The rest of this doc is about responding to HIGH blast radius incidents.

Roles

At the start of the incident the person on call wears all hats. It is their responsibility to deligate these responsibilities, and not get overwelmed. Another point to deligate is when they need to rotate out and get some rest (don’t wear yourself out).

Incident Coordinator

assign roles

make sure the right people are in the room

make sure the team is diagnosing and moving towards a solution

don’t do the work

coordinate the people

request more people when needed

rotate out people when they are tired

release people when they are not needed

coordinate the post mortem(s)

dev wide for review

company wide if needed for transparency

coordinate the tickets, and long term work need to avoid these issues in the future

Communicator

periodic updates to the rest of the company when appropriate (every 15min is a good rule of thumb)

getting the approriate expectations to CS and customers (the status page if/when we get one)
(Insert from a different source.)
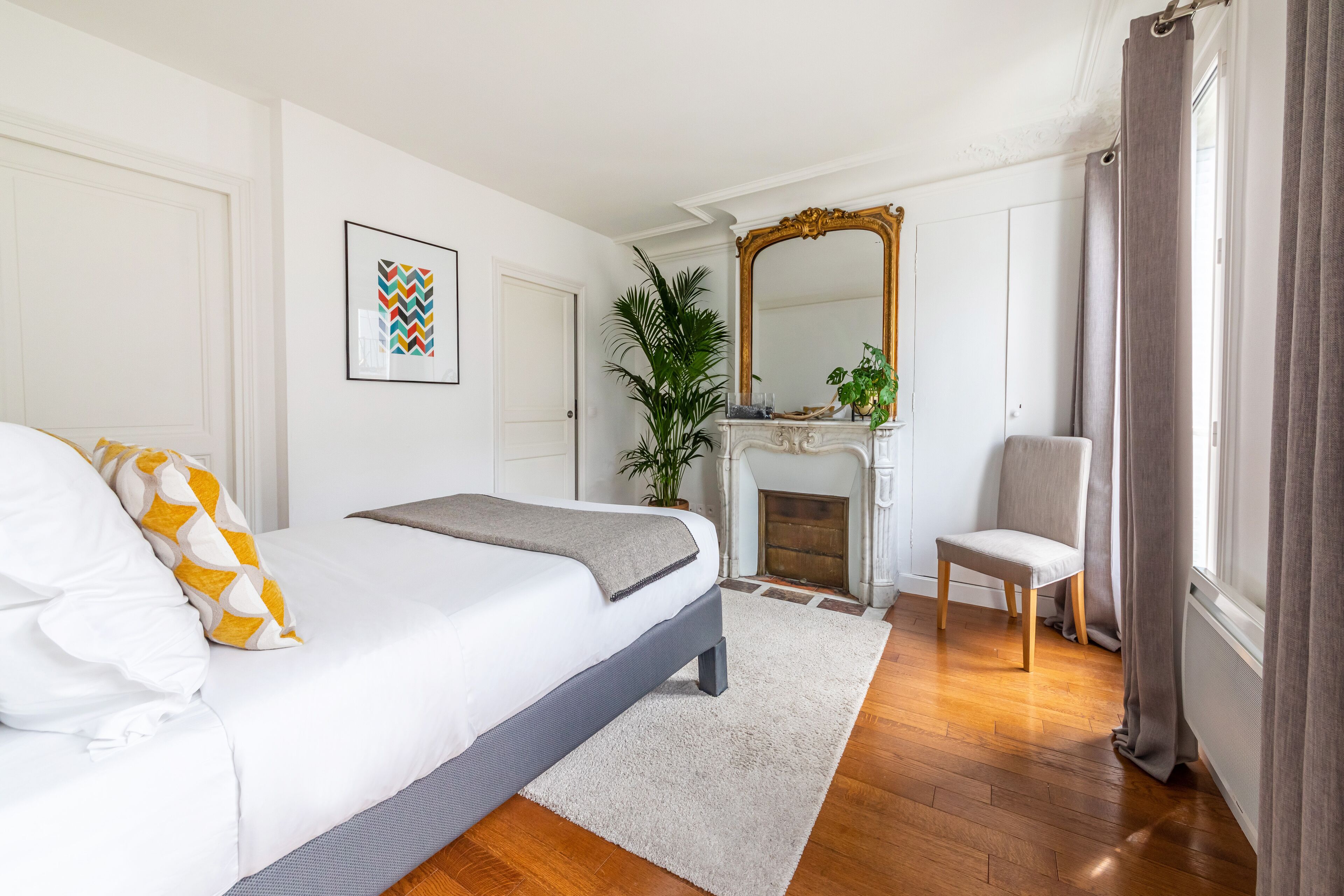 Une chambre à coucher avec un lit, une chaise, une cheminée et un miroir.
pin a convo in #fires with the current roles so people know

Doer(s)/Resolver(s)

Usually Devs and DevOps folks.

figure out what is going wrong

figure out the bandaid solution (if necessary)

do bandaid solution

communicate long term fixes needed (during a post mortem)

who can play the roles

Anyone who feels comfortable doing so. If you are new at this, ask for a shadow and feedback afterwards.

For anyone interested in joining the rotation, talk to your team lead and/or someone on rotation. The process for training would be roughly:

onboarding discussion with someone from the rotation

adding you to the rotation when/if you feel ready

have a shadow (someone already on rotation) during your rotations until you feel comfortable to go at it alone.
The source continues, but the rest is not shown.